La pédagogie entre le dire et le faire - 1 : Le courage des commencements, Paris, ESF éditeur, 1995
Avec cet ouvrage, Philippe Meirieu engage un travail, rarement fait, d'épistémologie du discours pédagogique. Il s'efforce de comprendre comment fonctionne ce discours, loin de toute prétention scientifique, mêlant descriptions, injonctions, témoignages, développements philosophiques et références religieuses. Ce discours - qui n'est, le plus souvent, étudié que comme un objet de curiosité historique et qui a tendance à être exclu des "sciences de l'éducation" - est porteur d'enseignements essentiels : il montre comment les hommes tentent de se dépêtrer avec ce phénomène étrange : la naissance d'un enfant que l'on a quelque temps dans les bras, avant de l'avoir "sur les bras"... la nécessité d'accompagner dans le monde l'émergence d'une liberté qui inquiète... la volonté de combiner maîtrise et émancipation, continuité assumée et rupture nécessaire.

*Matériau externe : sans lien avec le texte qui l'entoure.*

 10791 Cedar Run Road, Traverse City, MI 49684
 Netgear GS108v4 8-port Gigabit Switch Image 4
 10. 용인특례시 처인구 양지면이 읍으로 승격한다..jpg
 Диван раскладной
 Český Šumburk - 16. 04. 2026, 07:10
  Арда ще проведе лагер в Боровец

Il faut comprendre les discours pédagogiques, en leurs failles mêmes, comme une exploration de cette étrange entreprise éducative. Et il faut tenter d'en tirer, sinon des conclusions, du moins des enseignements susceptibles de nous permettre de penser et de mettre en oeuvre une "action sensée".

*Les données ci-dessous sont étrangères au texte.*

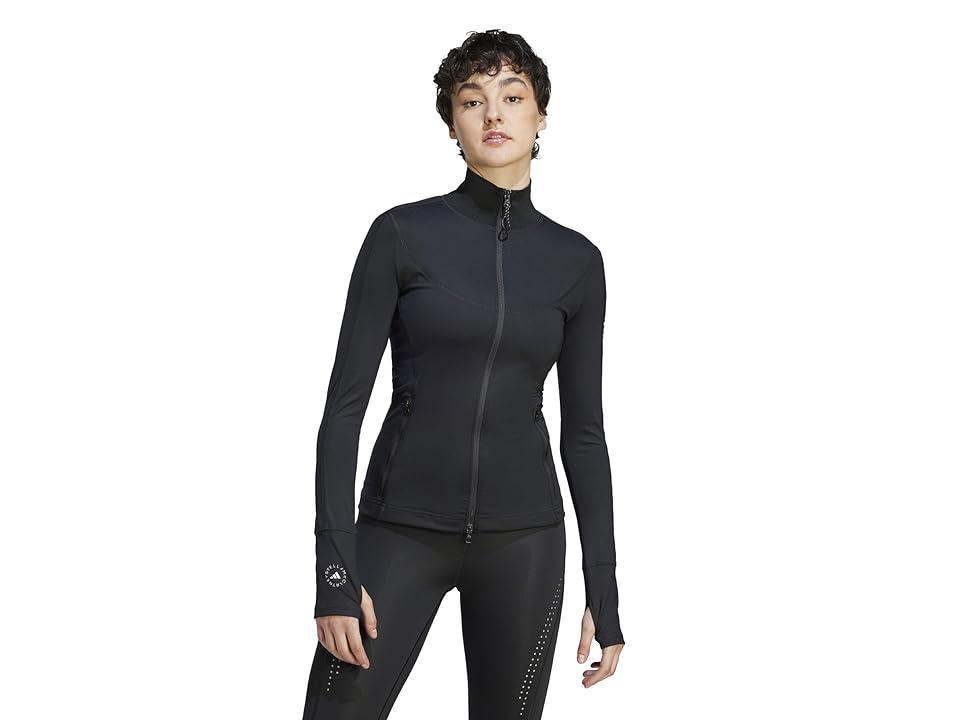 TruePurpose Training Midlayer Product Image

Voilà aujourd'hui plus de deux siècles, depuis Rousseau et Pestalozzi, que la réflexion pédagogique s'est affrontée à la rude tâche d'élaborer des propositions pour permettre au plus grand nombre l'accès aux savoirs et a la socialité. Elle a ainsi produit une multitude de discours et de projets qui constituent un formidable réservoir de possibles... Mais, étrangement, ces discours ne semblent produire que peu d'effets : les pratiques ne changent guère et les « expériences pédagogiques » s'essoufflent vite dès que leurs initiateurs viennent à disparaître. Les « militants pédagogiques s'épuisent à ramer à contre-courant et il arrive, parfois, que ceux-là mêmes qui préconisent le changement aient le plus grand mal à le mettre en ceuvre. Tout se passe donc comme si, en pédagogie, iI ne suffisait pas de savoir ce qu'il faut faire pour le faire... au point que bien des éducateurs et des enseignants se demandent pourquoi il est si difficile de mettre en application ses propres convictions pédagogiques.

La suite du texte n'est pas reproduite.